Le Fonds, créé sous la gouverne de plusieurs médecins du CHU Sainte-Justine, favorisera l’exploration de nouveaux traitements tels que la modification du génome et l’ingénierie des cellules souches, pour aider les enfants et enrichir les savoirs.

Le couple ne s’est pas contenté de signer un chèque et de se tenir en retrait. Diane Blais et Michel Lanteigne siégeront au comité de gouvernance du projet. Michel voit que les équipes de recherche s’affairent, sous l’effet des encouragements que leur prodiguent le fiscaliste et sa conjointe. Les premiers résultats des avancées financées par leur don pourraient être constatés dans deux ans à peine, en 2025.

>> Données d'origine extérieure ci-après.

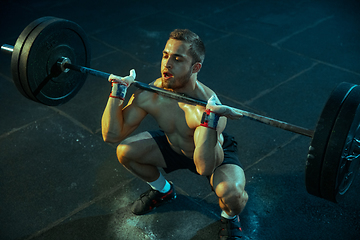 Image showing Caucasian man practicing in weightlifting in gym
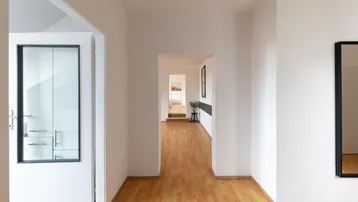 Heller Flur mit Holzfußboden und weiß gestrichenen Wänden, der zu weiteren Räumen führt.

La nouvelle ne s’arrête pas là : le bâtiment de soins spécialisés de l’hôpital portera le nom du petit Benoit Lanteigne.

Le couple explique que le don effectué en décembre a pris pour lui la forme d’un magnifique cadeau de Noël. Amis, collègues, parents d’enfants malades ont écrit à Diane et à Michel des mots touchants.

Évidemment, le drame de la perte d’un enfant affecte les parents tout au long de leur existence. Pourtant, la donation a apporté au couple un sentiment renouvelé de bonheur et de sérénité.

Diane et Michel se sont ainsi dotés d’un nouvel objectif à atteindre, porteur de larges impacts, d’une tout autre nature que ceux qu’ils recherchaient dans leurs activités en cabinet comptable.

« Réussir à sauver la vie d’un autre petit Benoit, c’est ce qui viendra donner un sens à notre démarche », de conclure Michel Lanteigne.